» Exercise
The expected output is every line of the data exactly as shown, minus the images.

» Given data
- Opening Delimiter -
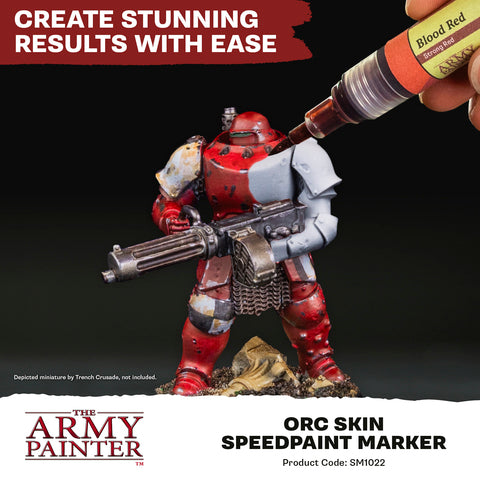 Speedpaint Marker - Orc Skin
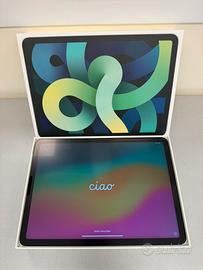 iPad Air 4 + Apple Pencil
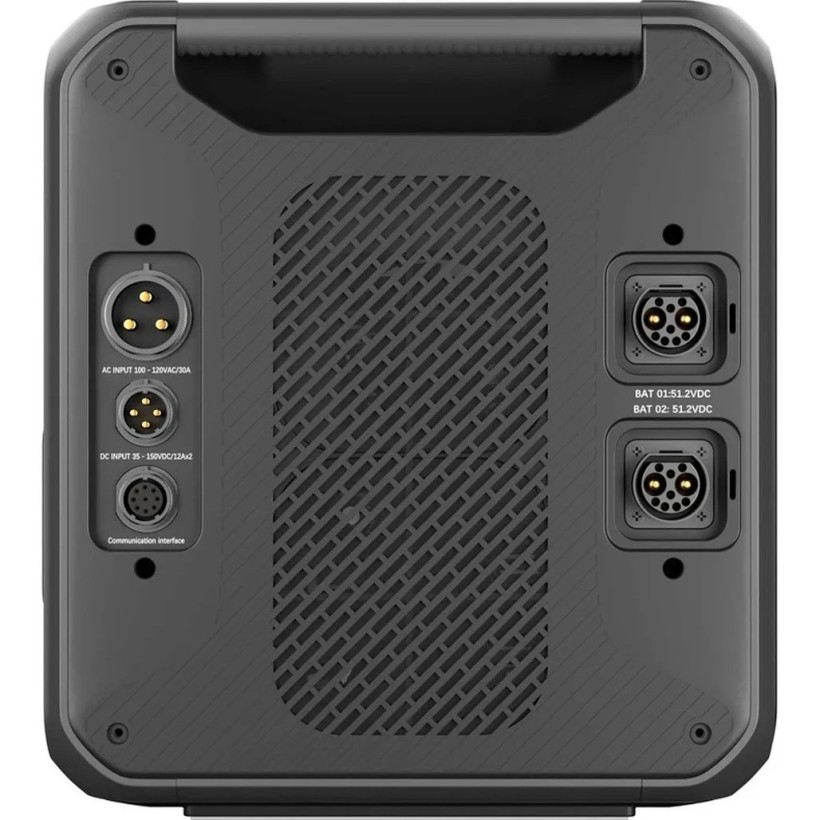 Комплект зарядной станции BLUETTI AC300 + battery module B300K  Фото №5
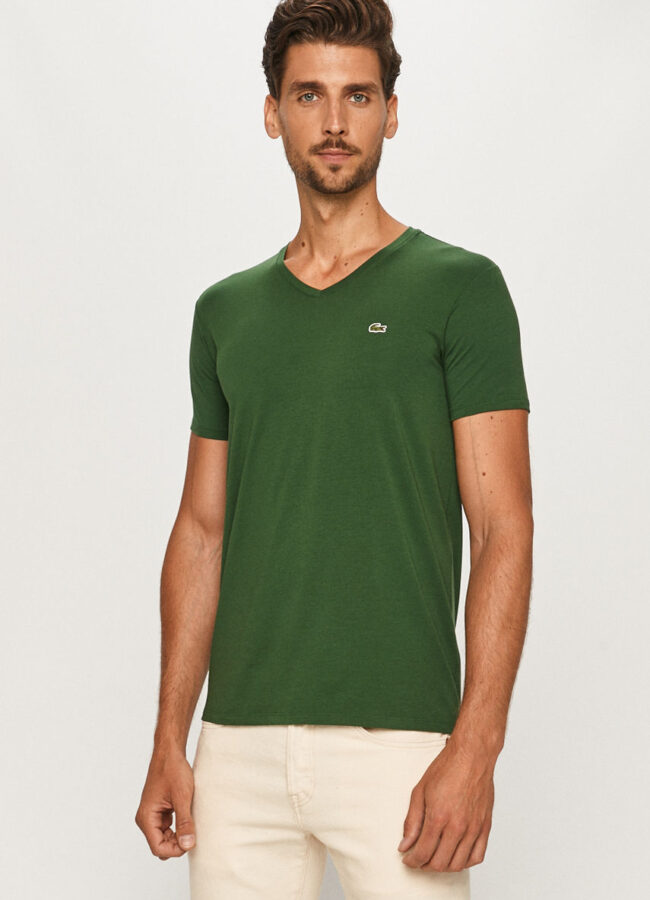 Lacoste - T-shirt/polo TH0999 zielony TH0999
- Closing Delimiter -
» Result of this exercise
 Speedpaint Marker - Orc Skin
 iPad Air 4 + Apple Pencil
 Комплект зарядной станции BLUETTI AC300 + battery module B300K  Фото №5
 Lacoste - T-shirt/polo TH0999 zielony TH0999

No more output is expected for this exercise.